The Hong Kong comic king Stephen Chow leads an all-star cast in this Lunar New Year comedy!!!
Three brothers, Lo Leung, Lo Fei, and Lo Kung live in a house run by their father Lo Lo Tau and Leung’s wife Yinsu. Leung is a successful businessman who loves his job. Fei is a constant student who has gotten 3 bachelor’s degrees and 1 master’s degree and is about to get his doctorates. Kung is the lazy brother. Fei wants to be a singer and asks for advice from his teacher. He also falls for Karen Kam, a city woman who wants to take control and do what she wants, getting nothing but disrespect from the family. Yinsu and Leung have a very bad romantic life in their marriage because of Leung’s commitment to business.
Fei and Leung, tired of Kung’s laziness, decide to play a prank on him for his birthday. They decide to pretend to play the Mark Six Lottery, where the first prize is $30 million dollars. When Kung thinks he’s won, he takes conquest Gigi out to dinner but finds himself in trouble when he loses $1 million to local boss Smartie. To make matters worse, Kung learns the prize money was a fake. To get even with his brothers, he pretends to be a mental patient. In the midst of things, Fei meets Shanny, a chicken stall owner who unlike Karen, gets respect from the family. Yinsu decides to flirt with a local photographer to make Leung jealous. Kung meets Suen, a friend of the family, who like Kung, is faking an illness to protect her family. Kung decides to make things right by helping himself and his brothers with their love lives.

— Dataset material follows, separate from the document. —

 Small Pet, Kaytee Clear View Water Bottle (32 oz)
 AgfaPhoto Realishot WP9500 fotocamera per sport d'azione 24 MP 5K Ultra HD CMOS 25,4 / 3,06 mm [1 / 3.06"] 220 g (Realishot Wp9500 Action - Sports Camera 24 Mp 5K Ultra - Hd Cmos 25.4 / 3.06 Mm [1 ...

Stephen Chow leads an all-star cast in this really funny comedy, displaying his trademark “mo lei tau” comedy style and with some help of plastic legs, brings a comedic spoof of his trademark martial arts skills and his idol, Bruce Lee. However, Chow’s story is just one of many that are connection as this film revolves around a family with their issues of love and relationships.
In one of his final film roles, Roy Chiao is terrific as the patriarch while the actors who play the elder two sons are fun as well. Francis Ng, breaking from typecast as a notorious type, is fun as the brainy brother who just yearns of dreaming for love and music. Film series writer and producer Raymond Wong can come off as annoying at times as the moneymaker of the bunch, due to his character being more stone cold and only caring about success, not realizing the consequences of focusing on just work and not the family. The chemistry of Chow, Ng, and Wong, show exactly why they may be brothers, but they are clearly having absolute different personalities and yet, it works so well for this genre of film.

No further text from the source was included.